Ram Slam falling behind the global T20 game

If nothing is done to lift the profile of the Ram Slam it will lose its  appeal and just become another domestic competition

If nothing is done to lift the profile of the Ram Slam it will lose its appeal and just become another domestic competition

There are indications that the Ram Slam T20 is starting to fall behind the various T20 tournaments around the world. Since the demise of the Champions Trophy with its playing opportunities and financial rewards, the South Africa franchises have lost interest in making the Ram Slam a truly international tournament.

Last year the franchises each signed an overseas player to lift the profile of the tournament and give it an international flavour. These signings were mainly West Indian and some of the best T20 players in the cricketing world. It was probably the best South African T20 tournament ever due to the quality and charisma of the West Indians.

This year there are only three players’ contracted to play in the Ram Slam.  Andre Russell and Kieran Pollard will return to the Knights and Cobras respectively, while the Dolphins have signed Kevin Pietersen, but only for the first four matches. There is talk of Dwaine Bravo replacing him for the rest of the tournament. The Titans, Lions and Warriors have decided not to have overseas players for various reasons.

In the meantime T20 cricket is growing globally with Bangladesh announcing the return of the Bangladesh Premier League and Pakistan launching the Pakistan Super League in the UAE in February 2016. Both these tournaments still have to actually take place, but certainly indications are that they will happen. Also, they will be reasonably rich and attracting the best T20 players in the world.

The Indian Premier League is by far the richest T20 tournament in the world, followed by the Australian Big Bash. The Caribbean Premier League is not as rich but is stable and a wonderful place to host a T20 tournament. In profile and economically, all three are way ahead of the Ram Slam. If Pakistan and Bangladesh happen as expected, then they will also be ahead of the Ram Slam. This will relegate the Ram Slam to the least attractive global T20 tournament – not only economically but also for the lack of vision and ambition of the franchises, even though South Africa is a fantastic cricketing country.
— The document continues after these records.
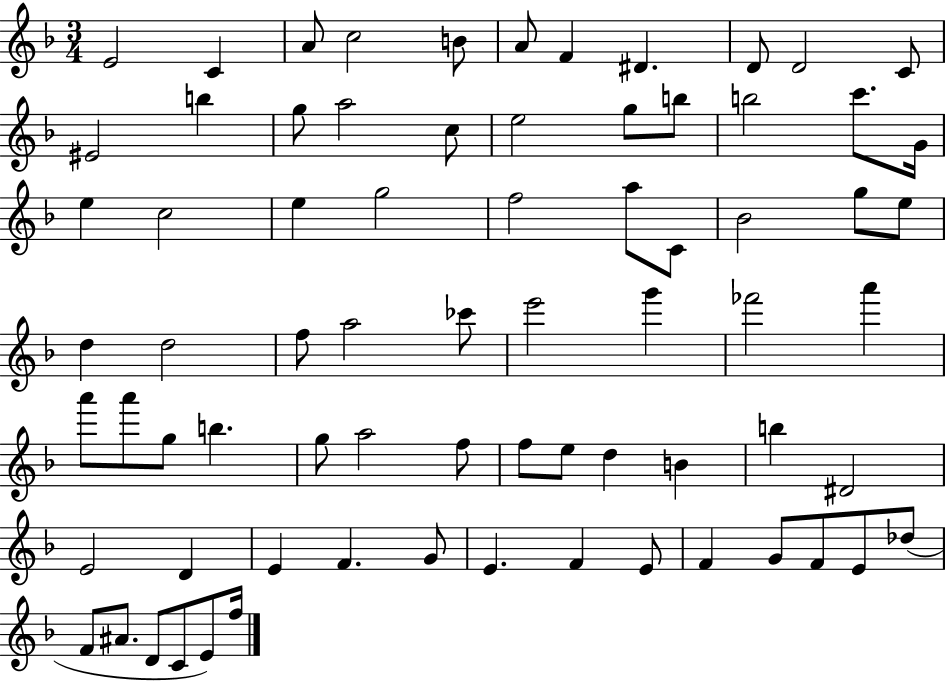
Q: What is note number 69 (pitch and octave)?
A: A#4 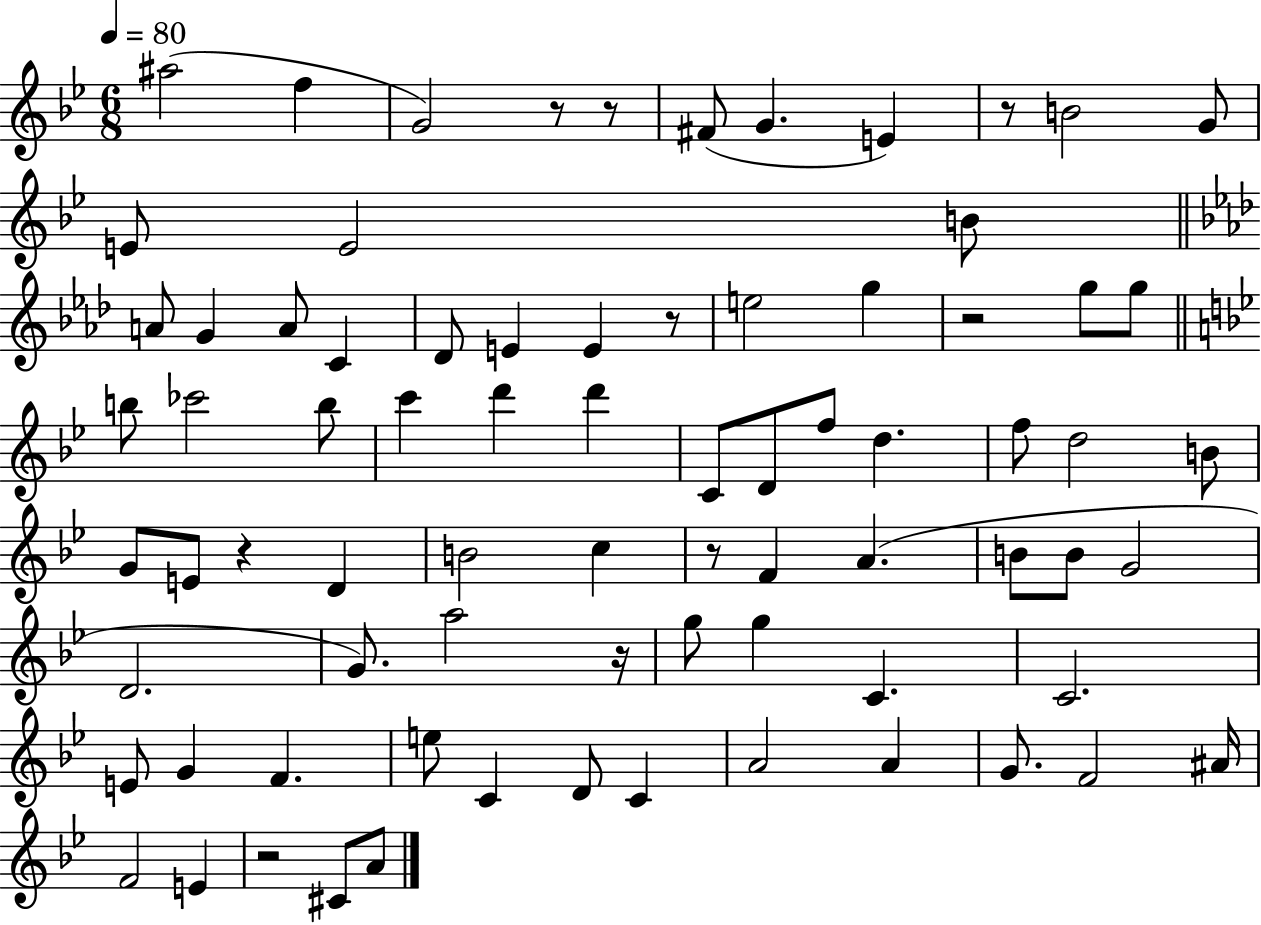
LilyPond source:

{
  \clef treble
  \numericTimeSignature
  \time 6/8
  \key bes \major
  \tempo 4 = 80
  ais''2( f''4 | g'2) r8 r8 | fis'8( g'4. e'4) | r8 b'2 g'8 | \break e'8 e'2 b'8 | \bar "||" \break \key aes \major a'8 g'4 a'8 c'4 | des'8 e'4 e'4 r8 | e''2 g''4 | r2 g''8 g''8 | \break \bar "||" \break \key bes \major b''8 ces'''2 b''8 | c'''4 d'''4 d'''4 | c'8 d'8 f''8 d''4. | f''8 d''2 b'8 | \break g'8 e'8 r4 d'4 | b'2 c''4 | r8 f'4 a'4.( | b'8 b'8 g'2 | \break d'2. | g'8.) a''2 r16 | g''8 g''4 c'4. | c'2. | \break e'8 g'4 f'4. | e''8 c'4 d'8 c'4 | a'2 a'4 | g'8. f'2 ais'16 | \break f'2 e'4 | r2 cis'8 a'8 | \bar "|."
} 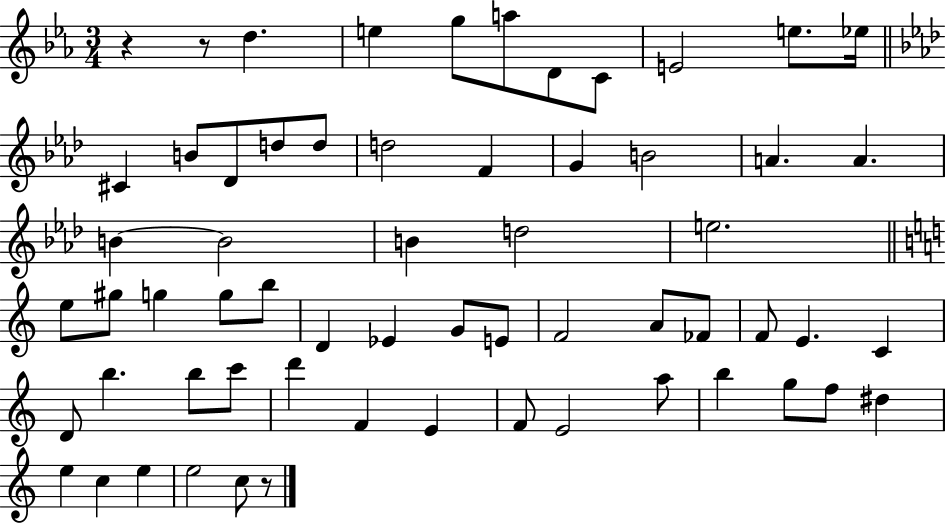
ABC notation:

X:1
T:Untitled
M:3/4
L:1/4
K:Eb
z z/2 d e g/2 a/2 D/2 C/2 E2 e/2 _e/4 ^C B/2 _D/2 d/2 d/2 d2 F G B2 A A B B2 B d2 e2 e/2 ^g/2 g g/2 b/2 D _E G/2 E/2 F2 A/2 _F/2 F/2 E C D/2 b b/2 c'/2 d' F E F/2 E2 a/2 b g/2 f/2 ^d e c e e2 c/2 z/2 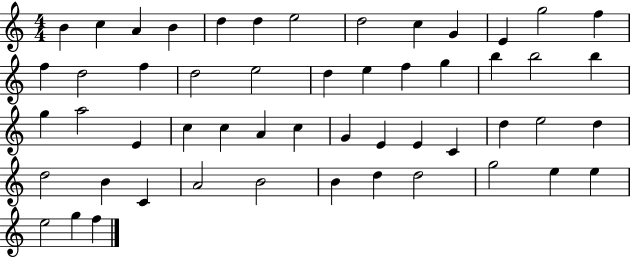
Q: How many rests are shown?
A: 0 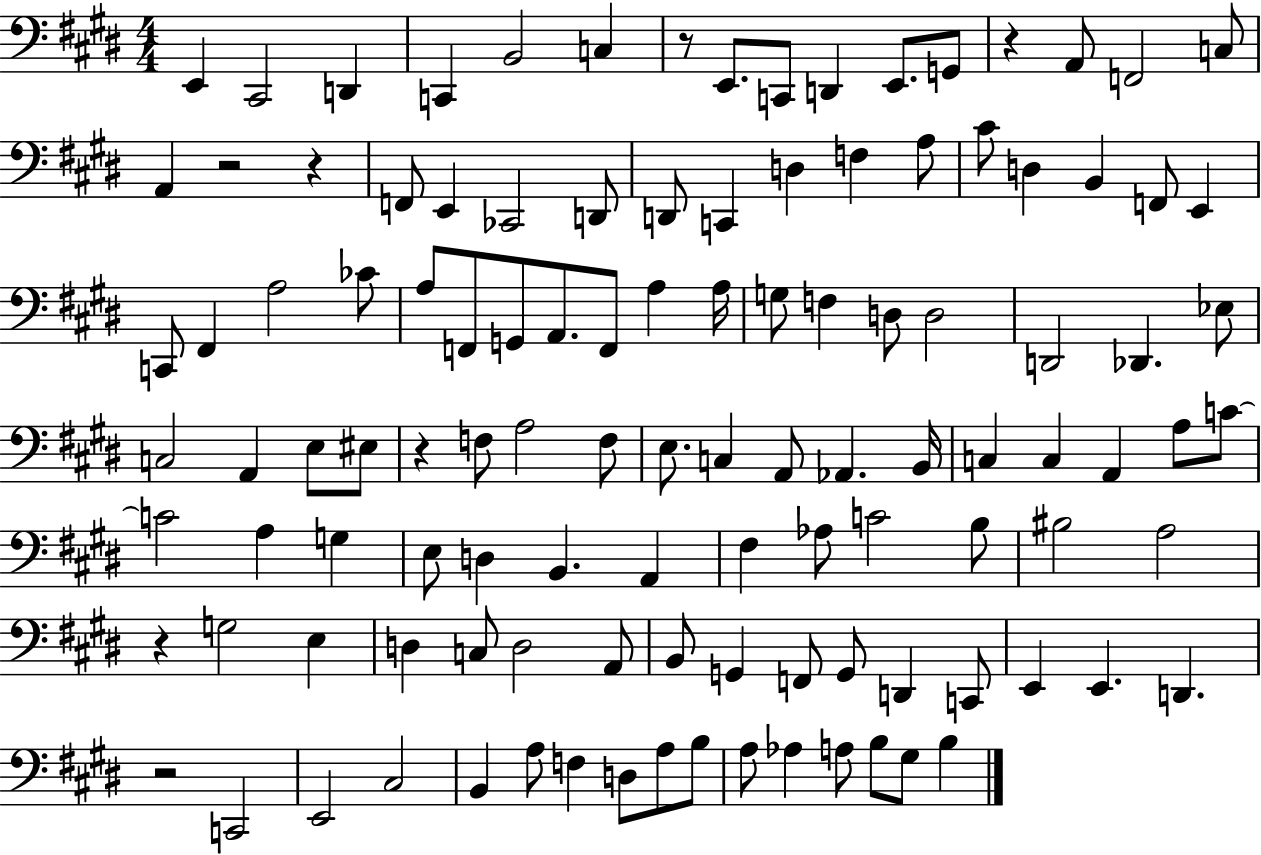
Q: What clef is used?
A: bass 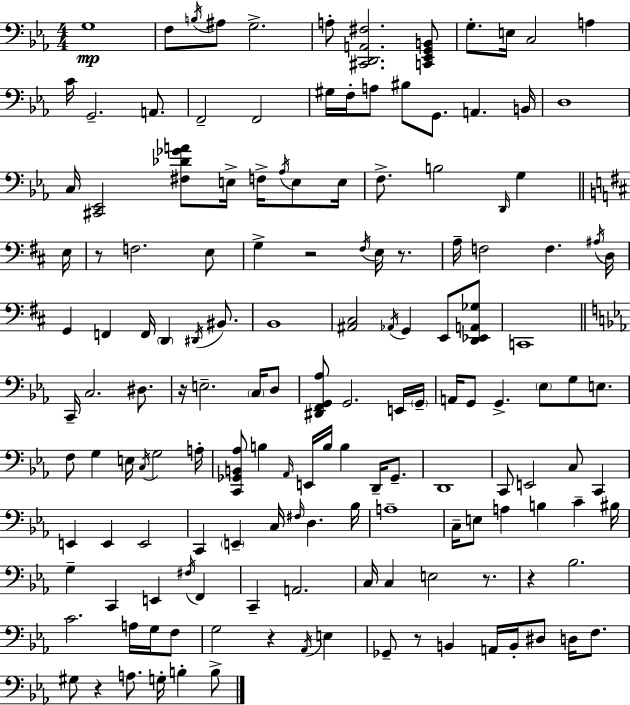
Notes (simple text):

G3/w F3/e B3/s A#3/e G3/h. A3/e [C#2,D2,A2,F#3]/h. [C2,Eb2,G2,B2]/e G3/e. E3/s C3/h A3/q C4/s G2/h. A2/e. F2/h F2/h G#3/s F3/s A3/e BIS3/e G2/e. A2/q. B2/s D3/w C3/s [C#2,Eb2]/h [F#3,Db4,Gb4,A4]/e E3/s F3/s Ab3/s E3/e E3/s F3/e. B3/h D2/s G3/q E3/s R/e F3/h. E3/e G3/q R/h F#3/s E3/s R/e. A3/s F3/h F3/q. A#3/s D3/s G2/q F2/q F2/s D2/q D#2/s BIS2/e. B2/w [A#2,C#3]/h Ab2/s G2/q E2/e [D2,Eb2,A2,Gb3]/e C2/w C2/s C3/h. D#3/e. R/s E3/h. C3/s D3/e [D#2,F2,G2,Ab3]/e G2/h. E2/s G2/s A2/s G2/e G2/q. Eb3/e G3/e E3/e. F3/e G3/q E3/s C3/s G3/h A3/s [C2,Gb2,B2,Ab3]/e B3/q Ab2/s E2/s B3/s B3/q D2/s Gb2/e. D2/w C2/e E2/h C3/e C2/q E2/q E2/q E2/h C2/q E2/q C3/s F#3/s D3/q. Bb3/s A3/w C3/s E3/e A3/q B3/q C4/q BIS3/s G3/q C2/q E2/q F#3/s F2/q C2/q A2/h. C3/s C3/q E3/h R/e. R/q Bb3/h. C4/h. A3/s G3/s F3/e G3/h R/q Ab2/s E3/q Gb2/e R/e B2/q A2/s B2/s D#3/e D3/s F3/e. G#3/e R/q A3/e. G3/s B3/q B3/e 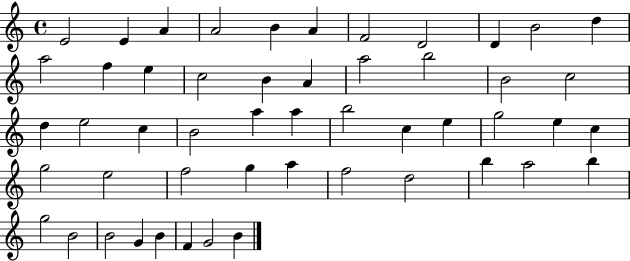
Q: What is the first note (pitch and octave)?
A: E4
Cricket South Africa needs to address this matter as world cricket consists of two clear components, the international game and T20 domestic tournaments. If nothing is done to lift the profile of the Ram Slam it will lose its appeal and just become another domestic competition like the Momentum One Day Cup that has very little public support and interest. Its main function has become to produce players for the Proteas’ One Day international team.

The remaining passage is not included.